You Are Unable to Meet Your Upcoming BAS or Superannuation Payments

Although it is super important to make sure that you pay your debts, it is mandatory to make sure that you pay your superannuation and your PAYG Tax. If you fail to pay these two things you will most likely receive a Director Penalty Notice from the Australian Tax Office (ATO).

This means that you might be personally liable for these debts. To make matters worse, if you fail to lodge your BAS or Superannuation Guarantee Charge statements within three months of them being due, you will automatically be personally liable for the PAYG Tax superannuation subject to these lodgements. 

You Have Failed More Than One ATO Payment Arrangement in A Short Period

The opportunity to obtain a payment arrangement with your creditors or the ATO, might see, like a fantastic way to ease any financial pressure your business is experience. However, if you fail to comply with the arrangement that has been agreed upon, there is a huge possibility that your business is potentially already insolvent.

You Don’t Have Enough Money Available to Pay All of Your Creditors

If you are finding it extremely difficult to pay all of your creditors within the requirement payment terms, then this could be another major early warning sign that your business is on the road to becoming insolvent.

Your business is most likely to be at risk of becoming insolvent if you have been struggling to pay all of your creditors for an extended period of time as opposed to just a short period of time. If things don’t look like they are going to improve in the near future than your business is definitely at risk of becoming insolvent.

You Are Getting Constant Reminders and Demands for Payments from Your Creditors

If your creditors are consistently following you up to chase a payment than you are probably at risk of becoming insolvent. Your business is probably finding itself in an even worse situation if you are receiving letters of demand from creditors and their agents who are hoping to receive the payments you owe them. If your business is experiencing this than you need to seek professional advice to help you understand the current state of your business and how it can be improved and more importantly how it can avoid becoming insolvent. 

You Need to Lend Your Company Money to Meet the Amount of Money You Owe to Your Creditors

If you find that you are consistently needing to lend money to your company so that there are funds available to allow it to continue trading, this can be a sign that your business is struggling financially.
You need to keep in mind that if your company does eventually fail you might not recover all of the amounts that you have lent to it.

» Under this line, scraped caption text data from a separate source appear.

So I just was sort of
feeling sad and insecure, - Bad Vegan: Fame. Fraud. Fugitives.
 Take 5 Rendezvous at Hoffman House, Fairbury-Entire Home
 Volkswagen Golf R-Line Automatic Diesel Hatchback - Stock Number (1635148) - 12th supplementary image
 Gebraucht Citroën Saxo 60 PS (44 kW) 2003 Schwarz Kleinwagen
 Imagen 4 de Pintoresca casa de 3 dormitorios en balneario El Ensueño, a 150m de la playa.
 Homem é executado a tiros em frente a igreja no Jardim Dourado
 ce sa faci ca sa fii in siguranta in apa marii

Furthermore, if you are thinking about making a loan to your company, you need to make sure you chat to a solicitor to get a loan agreement drawn up to make you a secured creditor and to also register for a PPSR security interest.

You Keep Making Losses

If your business makes a loss for one quarter or sometimes even a year this doesn’t always mean that your business is at risk of becoming insolvent. However, if a significant yearly loss or multiple losses with no sign of improvement is happening than this is a strong sign that your business is at risk of insolvency.

Your Bank Has Reduced Your Credit Limit or It Has Refused to Lend You More Money

Your relationship with your bank is deteriorating this is a major sign that your business is at risk of becoming insolvent. Your bank will assess your businesses profitability and its viability. This means that your bank might begin to notice that there are warning signs of your business becoming insolvent before you notice them. If you are having problems when dealing with your bank, it is strongly recommended that you seek professional advice to help you navigate this situation.